Michael Färber, Achim Rettinger and Boulos El Asmar
On Emerging Entity Detection

Abstract: While large Knowledge Graphs (KGs) already cover a broad range of domains to an extent sufficient for general use, they typically lack emerging entities that are just starting to attract the public interest. This disqualifies such KGs for tasks like entity-based media monitoring, since a large portion of news inherently covers entities that have not been noted by the public before. Such entities are unlinkable, which ultimately means, they cannot be monitored in media streams.

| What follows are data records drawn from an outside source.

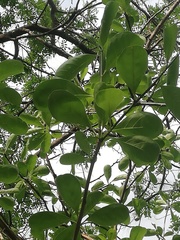 Jatropha sympetala
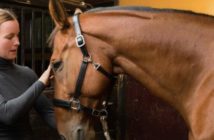 Mi caballo es mi media naranja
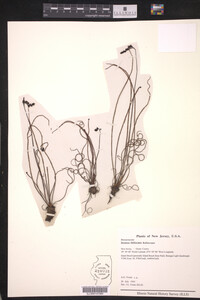 Drosera filiformis image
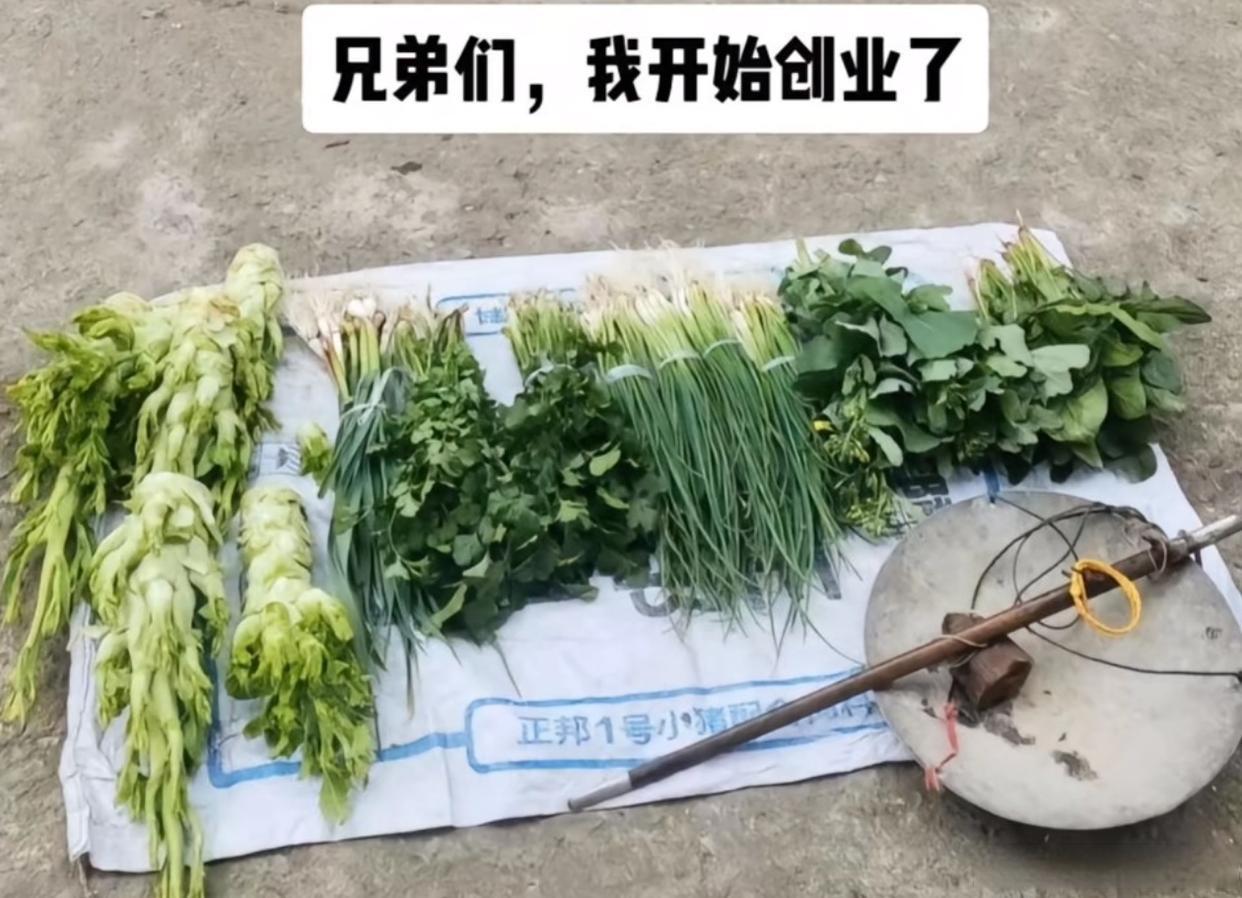 年轻人第一次摆摊卖蔬菜，有什么建议么？  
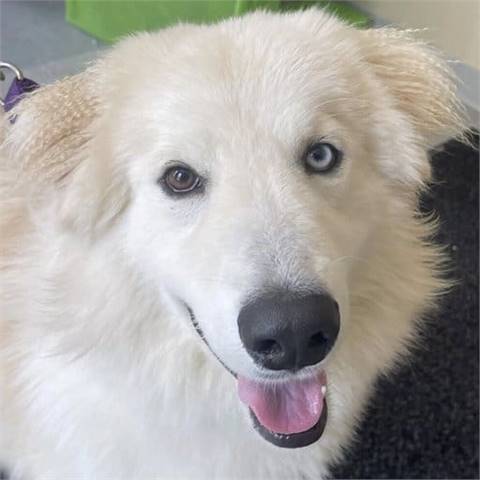 Featured Rescue: Zeke the Great Pyrenees/Husky Mix at the Monmouth County SPCA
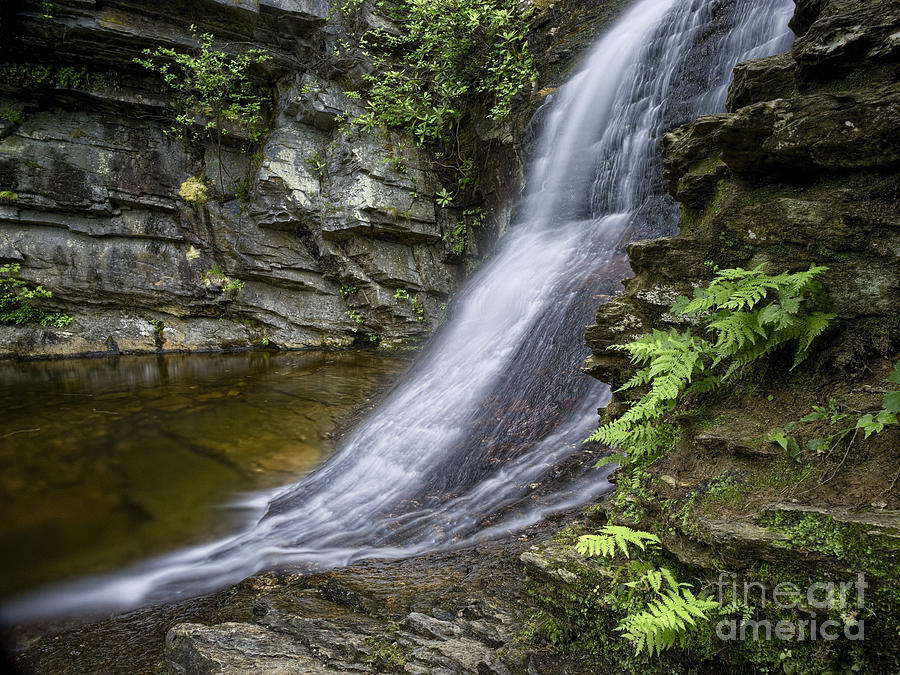 Waterfall Photograph - Lower Cascades Waterfall 1 C by Patrick Lynch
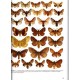 Ronkay G., Ronkay L., Varga Z., 2024: Fibigeriana, Vol.4, Macrolepidoptera on Hungary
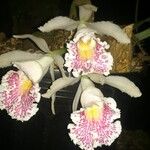 Trichopilia suavis 花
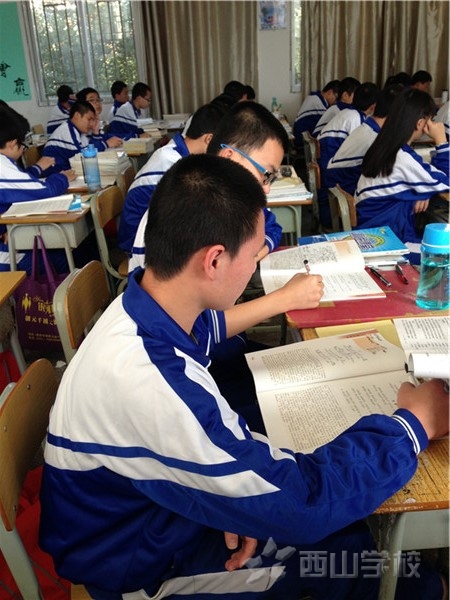 魏大炜 学霸班级的大头 学习认真 自习中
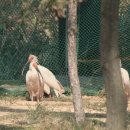 자연의 품 이미지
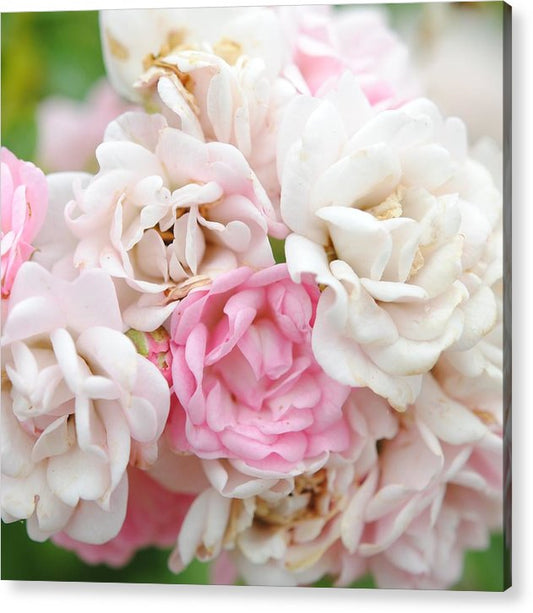 Natures Wedding Bouquet - Acrylic Print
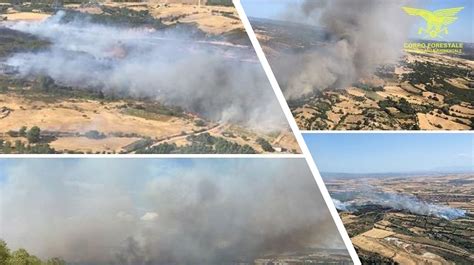 Incendi Protezione Civile Sardegna Domani Pericolo Alto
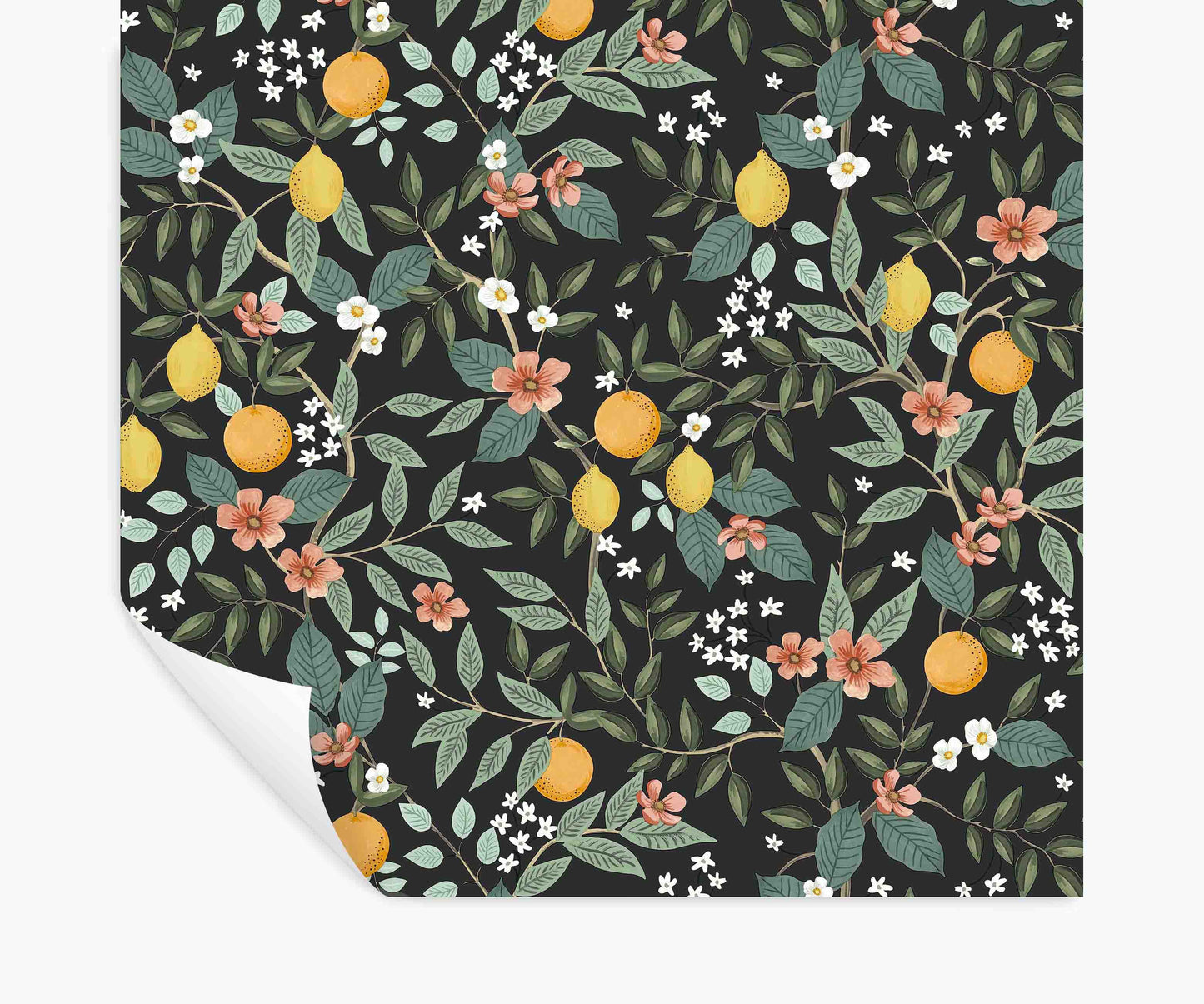 Citrus Grove Peel & Stick Wallpaper - Black - Peel and Stick Wallpaper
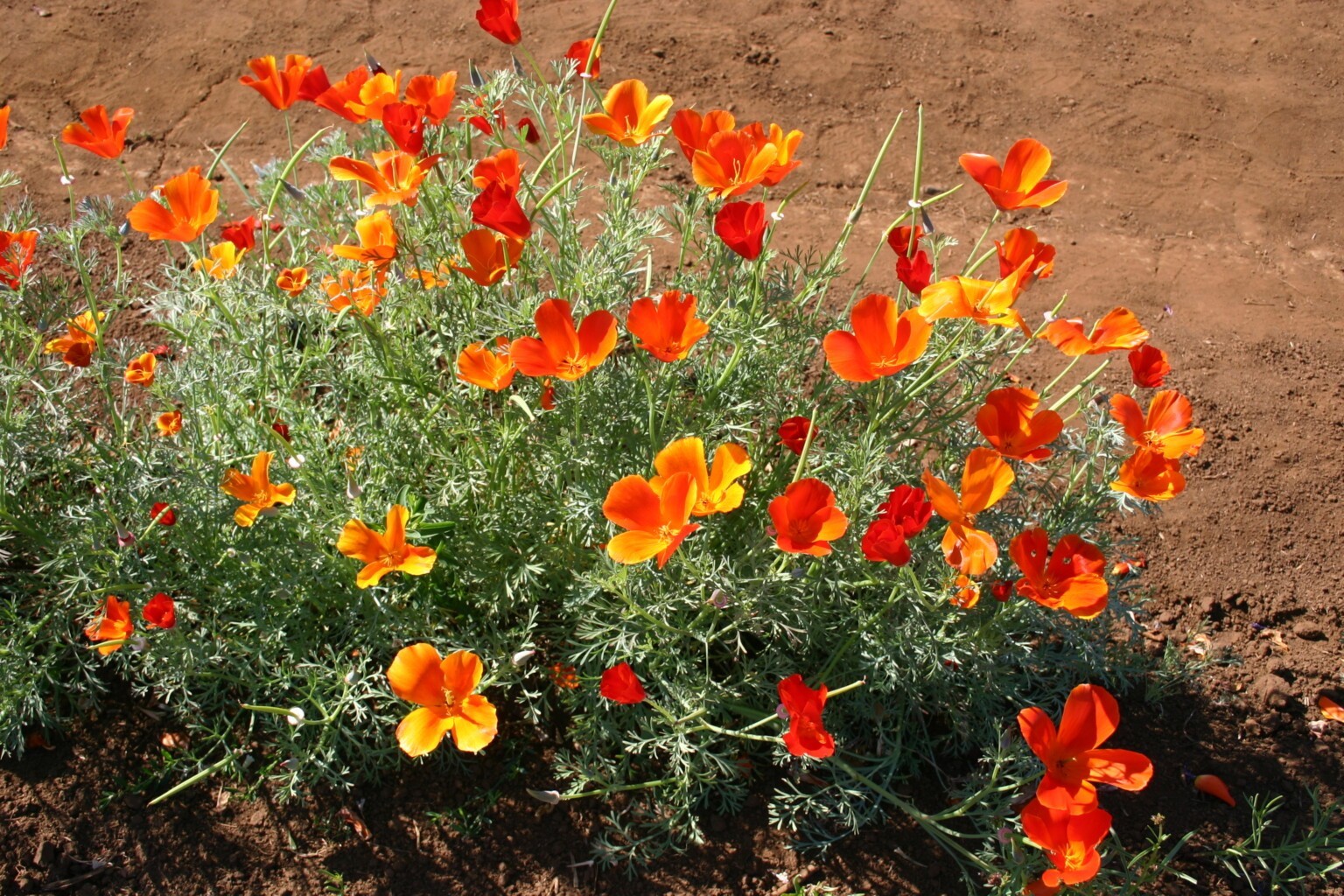 Mikado California Poppy Seed – California Native – Eschscholzia Californica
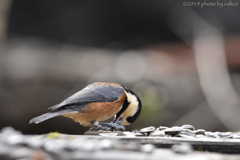 ここで食べてしまおう
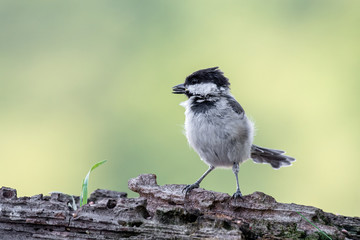 Close up of Sombre tit (Poecile lugubris) in nature
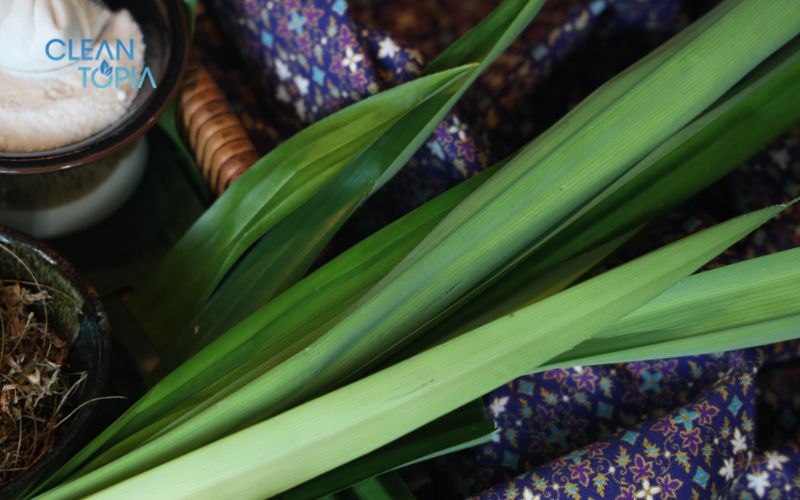 Khử mùi bằng lá dứa/than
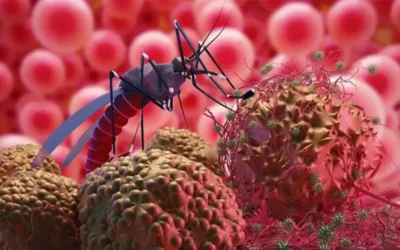 Batı Nil Virüsü Nedir?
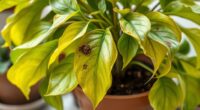 plant health diagnostic guide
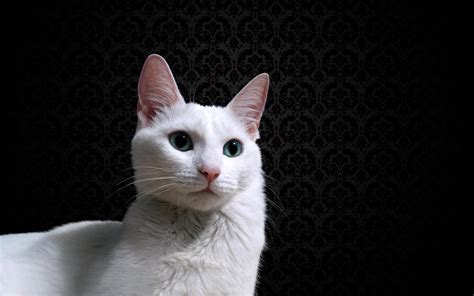 A Beautiful White Cat On A Black Background Wallpaper Wallpapers And Images Wallpapers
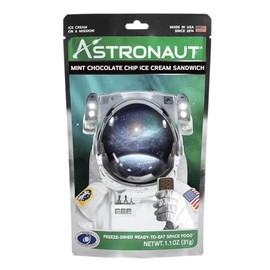 Astronaut Foods Mint Choc Chip Ice Cream Sandwich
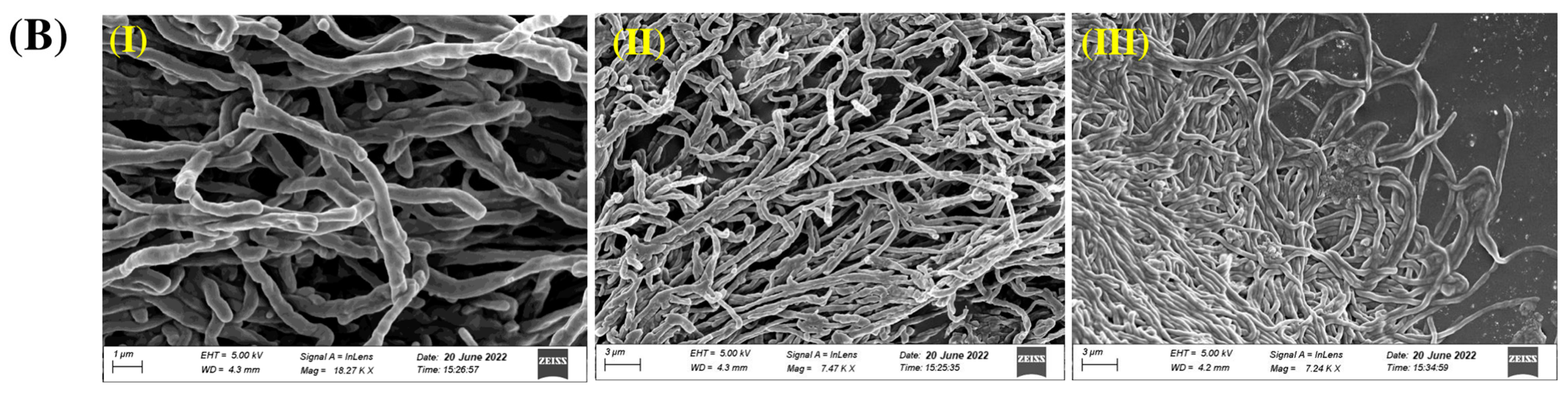 Metabolites 13 00911 g003b
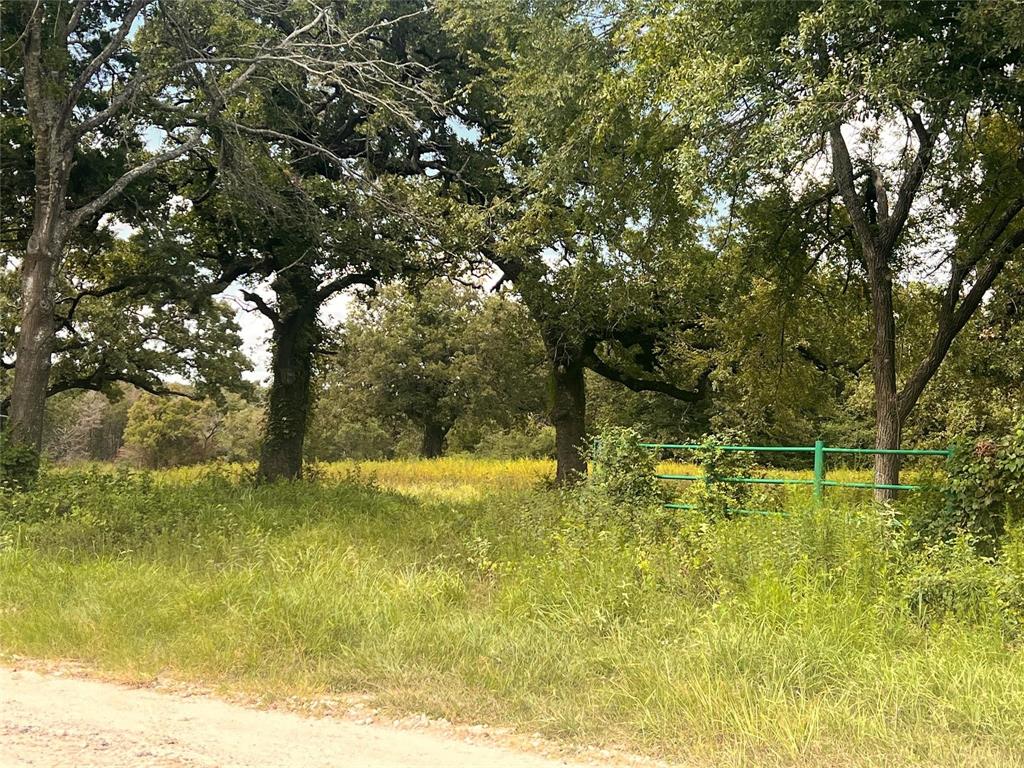 1192 County Road 762, Groesbeck, Texas image 9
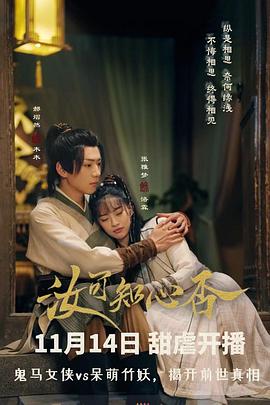 《夺帅》电影高清完整版
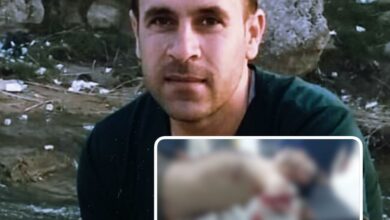 E0E8216C ACD8 4F57 B3F8 57150D5079F8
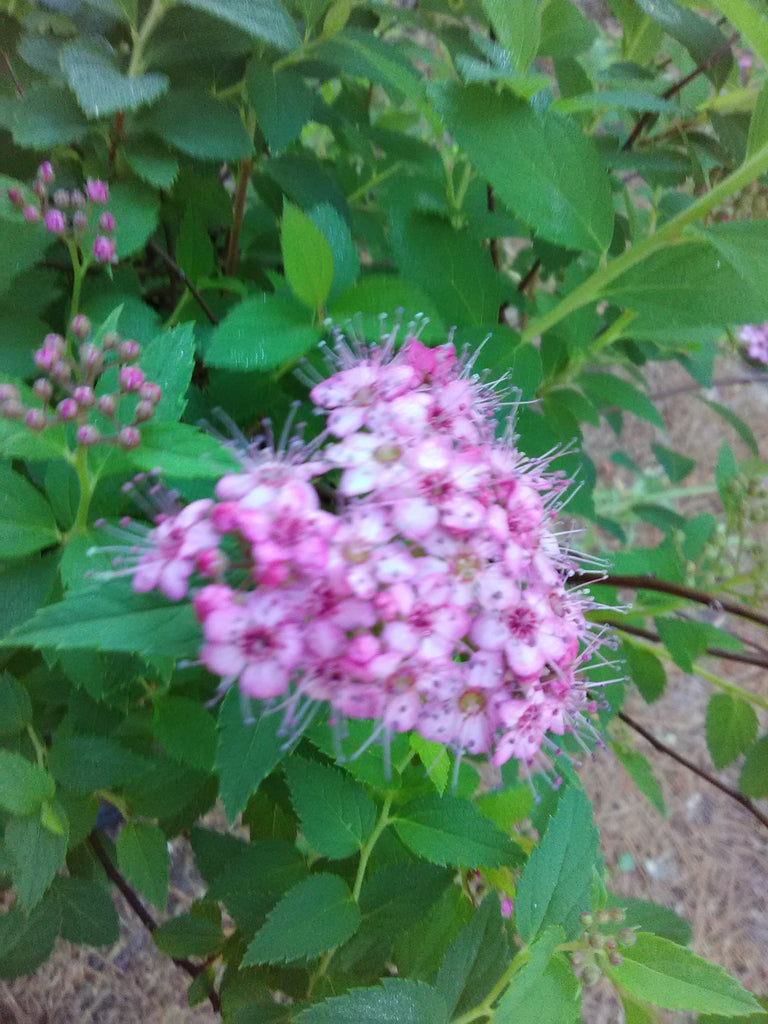 pink princess スポア Little Princess Spirea – Toms Creek Farm & Nursery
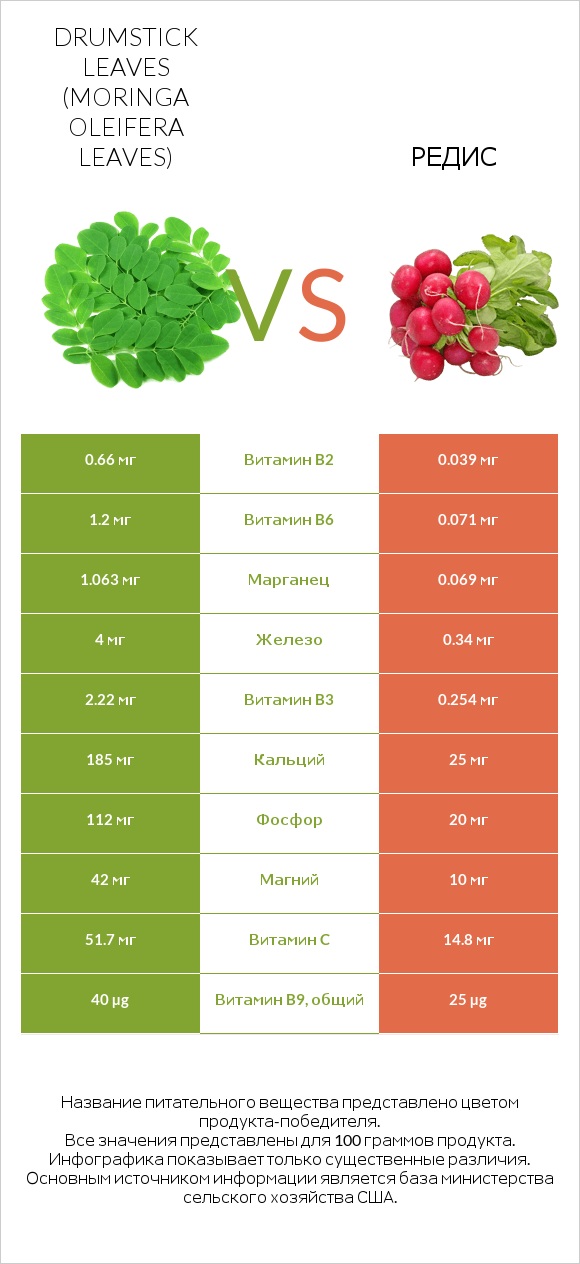 Drumstick leaves vs Редис infographic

This is the first paper that thoroughly investigates all types of challenges that arise from out-of-KG entities for entity linking tasks. By large-scale analytics of news streams we quantify the importance of each challenge for real-world applications. We then propose a machine learning approach which tackles the most frequent but least investigated challenge, i.e., when entities are missing in the KG and cannot be considered by entity linking systems. We construct a publicly available benchmark data set based on English news articles and editing behavior on Wikipedia. Our experiments show that predicting whether an entity will be added to Wikipedia is challenging. However, we can reliably identify emerging entities that could be added to the KG according to Wikipedia's own notability criteria.

Supplementary Material:

Wikipedia Diff:

The following data is available upon request (michael [at] faerber [dot] edu) following data protection laws:
  • Entities inserted into Wikipedia between 2015-04-04 and 2015-05-15
  • "Real novel entities" inserted into Wikipedia between 2015-04-04 and 2015-05-15 (excluding insertions of redirects and pure changes of the Wikipedia page titles)
  • Surface forms added to Wikipedia between 2015-04-04 and 2015-05-15
  • Entities deleted from Wikipedia between 2015-04-04 and 2015-05-15

Entity Linking Challenges "in the Wild":

Benchmarks for Emerging Entity Detection:

* determined by NERC tagging of the Stanford parser

Manual Evaluation of Top 100 Entity Candidates Classified as False Positive:

Wikipedia Notability Guidelines:

See https://en.wikipedia.org/wiki/Wikipedia:Notability and our quantification for the manual evaluation.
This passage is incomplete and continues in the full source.